After "Anja", several other singles were released from the debut album Gorky. Among them was "Soms vraagt een mens zich af" ("Sometimes a man wonders"), the B-side of which was "Mia", a song that finished as number one for three years in a row on the "best song of all time" chart by the music station Studio Brussel. Likewise, it reached number 1 in a similar chart of Radio 1 in Flanders, and was named best Belgian song on the chart by Radio Donna in 2005. 

In 2006, it was elected the best song about girls on a TV-show on the public network één. In 2008, the early music consort Capilla Flamenca issued "Rosa (Mia)", a polyphonic adaptation of "Mia" sung in Latin. In 2008 a new award show was founded called "de MIA's" (the MIAs). It was named after the best Flemish song of all times and officially stands for the Music Industry Awards.

Death of Luc De Vos
Luc De Vos died of acute organ failure on 29 November 2014, between 17:00 and 17:30 at the age of 52, leaving a wife and son. The band ceased to exist thereafter.

Discography

Gorky
Gorky was the title of the debut album in 1992, and was produced by Wouter Van Belle. It was released a second time in 2006.

Singles
 Anja (1990)
 Anja
 Het einde is nabij ("The end is near")
 Lieve kleine piranha (1991; vinyl)
 Lieve kleine piranha ("Sweet little piranha")
 Ik word oud ("I'm getting old")
 Lieve kleine piranha (1991)
 Lieve kleine piranha ("Sweet little piranha")
 Ik word oud ("I'm getting old")
 Ria
 Wacht niet te lang (1991)
 Wacht niet te lang ("Don't wait too long")
 Eisen van de romantiek ("Demands of romance")
 Soms vraagt een mens zich af (1992)
 Soms vraagt een mens zich af ("Sometimes one wonders")
 Mia

Boterhammen (Sandwiches) 1992
This album contains "Ooit was ik een soldaat" ("Once I was a soldier"); it was released a second time in 2006.

Hij leeft (He lives) 1993
It's an album from 1993, and the first album under the name "Gorki" (instead of "Gorky").

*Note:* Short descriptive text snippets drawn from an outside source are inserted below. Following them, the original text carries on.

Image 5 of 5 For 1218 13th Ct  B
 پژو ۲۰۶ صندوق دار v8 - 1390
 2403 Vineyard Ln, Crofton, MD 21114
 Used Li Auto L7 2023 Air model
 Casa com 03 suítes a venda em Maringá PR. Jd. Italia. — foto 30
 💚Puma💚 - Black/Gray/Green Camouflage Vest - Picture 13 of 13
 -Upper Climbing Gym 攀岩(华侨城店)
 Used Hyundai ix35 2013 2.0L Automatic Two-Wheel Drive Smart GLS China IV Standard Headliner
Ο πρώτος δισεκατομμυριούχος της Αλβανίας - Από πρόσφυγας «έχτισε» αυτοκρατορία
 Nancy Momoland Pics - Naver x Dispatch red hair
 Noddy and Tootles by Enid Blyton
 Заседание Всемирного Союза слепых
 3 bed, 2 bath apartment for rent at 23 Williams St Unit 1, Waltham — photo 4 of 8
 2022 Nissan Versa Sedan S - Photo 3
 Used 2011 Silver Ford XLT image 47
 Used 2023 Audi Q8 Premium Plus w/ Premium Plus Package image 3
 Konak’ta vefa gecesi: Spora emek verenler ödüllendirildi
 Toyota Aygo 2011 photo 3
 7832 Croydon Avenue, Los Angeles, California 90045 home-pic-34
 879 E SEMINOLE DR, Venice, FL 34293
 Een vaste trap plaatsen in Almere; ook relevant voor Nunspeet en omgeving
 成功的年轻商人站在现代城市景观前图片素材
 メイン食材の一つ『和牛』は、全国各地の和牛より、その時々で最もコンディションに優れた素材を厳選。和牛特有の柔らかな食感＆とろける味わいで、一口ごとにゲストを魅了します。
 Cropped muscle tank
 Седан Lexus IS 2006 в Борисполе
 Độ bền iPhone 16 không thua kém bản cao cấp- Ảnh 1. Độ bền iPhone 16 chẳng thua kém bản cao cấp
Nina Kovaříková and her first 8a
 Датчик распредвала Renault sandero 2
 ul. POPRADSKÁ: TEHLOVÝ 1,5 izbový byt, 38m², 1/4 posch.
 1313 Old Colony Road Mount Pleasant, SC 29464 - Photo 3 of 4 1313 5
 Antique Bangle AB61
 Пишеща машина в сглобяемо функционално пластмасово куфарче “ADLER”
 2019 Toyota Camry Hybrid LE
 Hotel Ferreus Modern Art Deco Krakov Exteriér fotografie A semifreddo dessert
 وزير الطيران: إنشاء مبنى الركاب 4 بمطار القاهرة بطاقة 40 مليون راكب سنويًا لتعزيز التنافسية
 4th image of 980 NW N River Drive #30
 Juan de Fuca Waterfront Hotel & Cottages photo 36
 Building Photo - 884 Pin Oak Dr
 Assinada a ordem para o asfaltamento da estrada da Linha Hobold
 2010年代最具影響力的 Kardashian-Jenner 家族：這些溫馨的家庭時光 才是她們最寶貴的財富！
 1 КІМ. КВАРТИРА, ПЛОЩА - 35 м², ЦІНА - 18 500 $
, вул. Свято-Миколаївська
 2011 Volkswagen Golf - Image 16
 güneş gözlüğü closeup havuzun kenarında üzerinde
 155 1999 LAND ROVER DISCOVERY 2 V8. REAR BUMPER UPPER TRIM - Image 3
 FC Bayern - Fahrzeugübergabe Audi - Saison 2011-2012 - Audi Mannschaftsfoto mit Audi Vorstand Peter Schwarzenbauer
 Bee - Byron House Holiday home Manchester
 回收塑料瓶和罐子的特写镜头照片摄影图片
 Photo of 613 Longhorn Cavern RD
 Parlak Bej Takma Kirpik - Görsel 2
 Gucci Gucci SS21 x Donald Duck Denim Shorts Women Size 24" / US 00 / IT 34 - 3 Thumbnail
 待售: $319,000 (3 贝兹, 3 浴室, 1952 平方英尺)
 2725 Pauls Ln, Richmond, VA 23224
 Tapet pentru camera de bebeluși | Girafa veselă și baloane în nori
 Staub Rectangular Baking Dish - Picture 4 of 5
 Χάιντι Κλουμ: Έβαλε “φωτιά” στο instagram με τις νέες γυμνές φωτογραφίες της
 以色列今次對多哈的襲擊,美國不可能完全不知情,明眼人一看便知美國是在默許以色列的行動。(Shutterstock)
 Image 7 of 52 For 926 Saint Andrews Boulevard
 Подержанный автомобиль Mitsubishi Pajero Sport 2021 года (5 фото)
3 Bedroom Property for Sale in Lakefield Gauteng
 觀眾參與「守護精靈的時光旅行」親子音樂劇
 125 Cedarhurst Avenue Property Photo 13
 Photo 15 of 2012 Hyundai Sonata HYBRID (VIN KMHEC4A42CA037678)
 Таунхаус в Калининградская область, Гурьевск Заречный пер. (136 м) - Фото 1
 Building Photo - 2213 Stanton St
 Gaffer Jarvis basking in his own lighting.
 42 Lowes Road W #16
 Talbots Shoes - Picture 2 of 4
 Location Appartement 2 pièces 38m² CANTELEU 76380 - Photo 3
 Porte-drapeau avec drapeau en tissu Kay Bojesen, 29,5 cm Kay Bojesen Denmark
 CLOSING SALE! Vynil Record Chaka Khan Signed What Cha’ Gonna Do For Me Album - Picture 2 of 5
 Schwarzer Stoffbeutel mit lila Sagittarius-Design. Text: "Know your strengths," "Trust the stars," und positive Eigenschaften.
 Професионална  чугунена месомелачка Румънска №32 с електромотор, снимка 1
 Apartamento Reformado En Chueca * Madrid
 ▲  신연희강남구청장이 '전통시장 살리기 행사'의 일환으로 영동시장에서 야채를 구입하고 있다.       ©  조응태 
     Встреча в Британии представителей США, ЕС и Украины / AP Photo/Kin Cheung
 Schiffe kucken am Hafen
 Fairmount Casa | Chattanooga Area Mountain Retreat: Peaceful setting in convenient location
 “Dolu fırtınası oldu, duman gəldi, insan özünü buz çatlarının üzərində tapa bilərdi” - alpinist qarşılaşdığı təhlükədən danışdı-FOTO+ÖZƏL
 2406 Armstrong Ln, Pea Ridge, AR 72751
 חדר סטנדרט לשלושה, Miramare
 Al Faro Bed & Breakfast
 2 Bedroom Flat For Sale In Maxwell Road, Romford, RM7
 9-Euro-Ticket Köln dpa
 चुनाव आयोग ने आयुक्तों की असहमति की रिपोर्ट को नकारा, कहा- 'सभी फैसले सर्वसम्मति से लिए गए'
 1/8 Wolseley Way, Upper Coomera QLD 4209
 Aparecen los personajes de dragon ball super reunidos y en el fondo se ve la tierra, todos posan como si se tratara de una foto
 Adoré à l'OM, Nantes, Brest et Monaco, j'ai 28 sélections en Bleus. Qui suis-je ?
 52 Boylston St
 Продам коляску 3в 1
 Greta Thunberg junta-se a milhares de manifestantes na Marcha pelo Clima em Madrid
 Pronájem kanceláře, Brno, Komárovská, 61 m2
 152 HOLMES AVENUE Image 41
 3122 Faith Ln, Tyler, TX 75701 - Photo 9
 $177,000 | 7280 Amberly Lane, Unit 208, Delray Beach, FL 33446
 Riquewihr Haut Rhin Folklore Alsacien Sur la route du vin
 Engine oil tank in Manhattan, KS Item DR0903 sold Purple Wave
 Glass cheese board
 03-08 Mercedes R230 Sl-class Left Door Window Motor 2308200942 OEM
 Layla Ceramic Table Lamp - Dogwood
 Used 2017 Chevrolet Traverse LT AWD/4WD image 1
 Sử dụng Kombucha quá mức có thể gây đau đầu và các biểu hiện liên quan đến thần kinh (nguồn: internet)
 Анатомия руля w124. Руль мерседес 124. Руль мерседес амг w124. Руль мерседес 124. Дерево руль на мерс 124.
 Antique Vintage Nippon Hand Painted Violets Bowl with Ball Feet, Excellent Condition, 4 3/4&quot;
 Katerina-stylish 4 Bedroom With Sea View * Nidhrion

It was considered a rare album until it was released again in 2006.

Singles
 Berejager (1993)
 Berejager  ("Bear hunter")
 Dit prachtige dier moet sterven  ("This beautiful animal must die") (1993)
 Hij is alleen (1993)
 Hij is alleen  ("He's alone")
 In onze lage landen  ("In our lowlands")
 Beste Bill (1993)
 Beste Bill  ("Dear Bill")
 Hij Leeft  ("He's alive")
 You'll never walk alone (1993)
 You'll never walk alone
 "Ria" (live)
 "Beste Bill" ("Dear Bill")
 "Hij is alleen" ("He's alone")

Monstertje (Little monster) 1995-96

Singles
 "Lang zullen ze leven" (1995)
 Lang zullen ze leven ("For he's a jolly good fellow"), II, III
 Monstertje
 Monstertje ("Little Monster")
 Wie zal het in godsnaam anders doen ("Who else will do it, for God's sake?")
 Die brave meesteres ("That good mistress")
 Kom het toch halen (1996)
 Kom het toch halen ("Come and get it")

Ik ben aanwezig (I am present) 1998

Singles
 Wie zal er voor de kinderen zorgen (1998)
 Wie zal er voor de kinderen zorgen ("Who will take care of the children")
 Punk is dood (1998)
 Punk is dood ("Punk is dead")
 Wij slapen aan de lopende band ("We're almost always sleeping")
 Mijn dierbare vijand (1998)
 Mijn dierbare vijand ("My precious enemy")
 Ons brave wonderkind ("Our good child prodigy")
 Wij slapen aan de lopende band (live)
 Ik ben aanwezig
 Ik ben aanwezig ("I'm present")
 De volgende dag ("The day after")

Het beste van Gorki (The best of Gorki (and Gorky)): 1999

Singles
 Soms vraagt een mens zich af 1998 remix (1998)
 Soms vraagt een mens zich af 1998 remix
 Soms vraagt een mens zich af

Eindelijk vakantie! (Finally, holidays): 2000

Singles
 We zijn zo jong (2000)
 We zijn zo jong  (We're so young) (promo) 
 Geld en olie (2000)
 Geld en olie  (Money and oil) (promo) 
 XTC (2000)
 XTC
 In mijn betere wereld  (In my better world) (promo)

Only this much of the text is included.